Cassidy wins Louisiana’s U.S. Senate run-off

Democrats lose another seat

U.S. Senate candidate, Bill Cassidy of Louisiana, takes a call while going to meet supporters at his election-watch party Saturday in Baton Rouge. (Associated Press)
Mark Z. Barabak Los Angeles Times

NEW ORLEANS – Republicans capped a banner election year Saturday by ousting Louisiana Sen. Mary Landrieu, completing a rout of once-invincible Democrats from the Deep South.

The victory by three-term Republican Rep. Bill Cassidy of Baton Rouge was virtually preordained when the Democrats’ national campaign arm abandoned the race after Landrieu failed to win re-election outright Nov. 4, forcing Saturday’s runoff. With nearly all the votes counted, unofficial returns showed Cassidy with a commanding victory.

The seat was the ninth picked up this year by Republicans, who also knocked off incumbents in Arkansas and North Carolina, pushing the GOP majority to 54 of 100 seats starting with the new Congress in January.

The defeat of Landrieu, who was bidding for a fourth term, was a serious blow to one of the dynastic families of Louisiana politics; Landrieu’s brother, Mitch, is a former lieutenant governor and currently New Orleans mayor, a position held by their father, “Moon,” in the 1970s.

More broadly, the contest carried heavy symbolic weight.

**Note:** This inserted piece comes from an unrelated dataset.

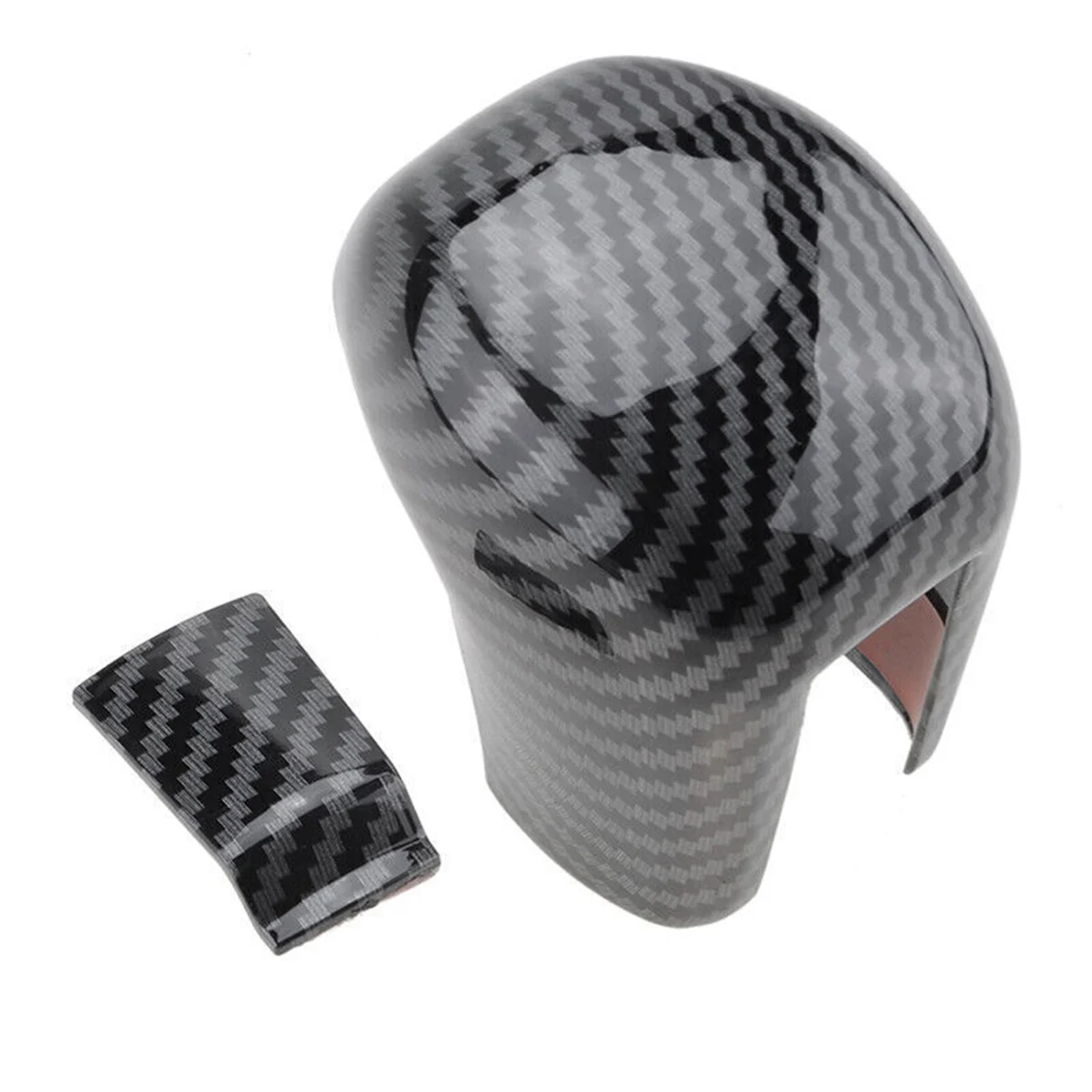 Черная внутренняя накладка ручки переключения передач из углеродного волокна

Sen. Landrieu is one of a dying breed, a white Southern Democrat holding federal office, and she was fighting not just Cassidy, a lackluster opponent who largely ducked public appearances, but decades-long forces that have transformed the region from a Democratic stronghold to arguably the most zealously Republican redoubt in the nation.

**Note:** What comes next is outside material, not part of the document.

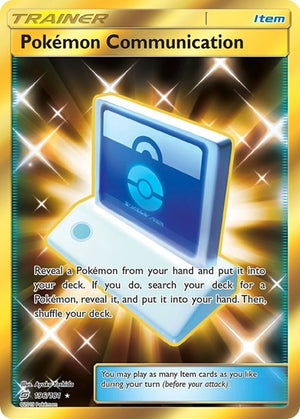Pokemon TCG - SM - Team Up - Pokemon Communication - 196/181 - Holofoil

The results have been stark. Landrieu’s defeat means starting in January, Democrats will not control a single governorship, U.S. Senate seat, or legislative chamber from the Carolinas to Texas. It also leaves Democrats with just three U.S senators among 22 representing the states of the old Confederacy: two from Virginia and one from Florida, the least-typical of Southern states.

“The Deep South has become a no-fly zone for Democrats,” said Charlie Cook, a Louisiana native and publisher of the Cook Political Report, a nonpartisan handicappers guide to congressional elections. “Outside of urban areas and a minority (House) districts, Democrats can’t win.”

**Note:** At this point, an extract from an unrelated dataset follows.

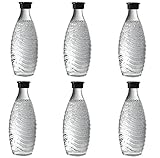 Sodastream Glaskaraffe 3 x 2 = 6 Glaskaraffen Sodastream für Penguin + Crystal Sodastream Glaskaraffe 3 x 2 = 6 Glaskaraffen Sodastream für Penguin + Crystal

Landrieu was not the only legacy candidate thwarted Saturday.

Former Gov. Edwin Edwards failed in his bid to capture Cassidy’s vacated central Louisiana seat, an improbable comeback attempt at age 87.

The former four-term Democratic governor served more than eight years in federal prison for fraud, racketeering and extortion in connection with the licensing of riverboat casinos.

He left prison in 2011.

Edwards lost in the heavily Republican district to Garret Graves, a former adviser to Gov. Bobby Jindal.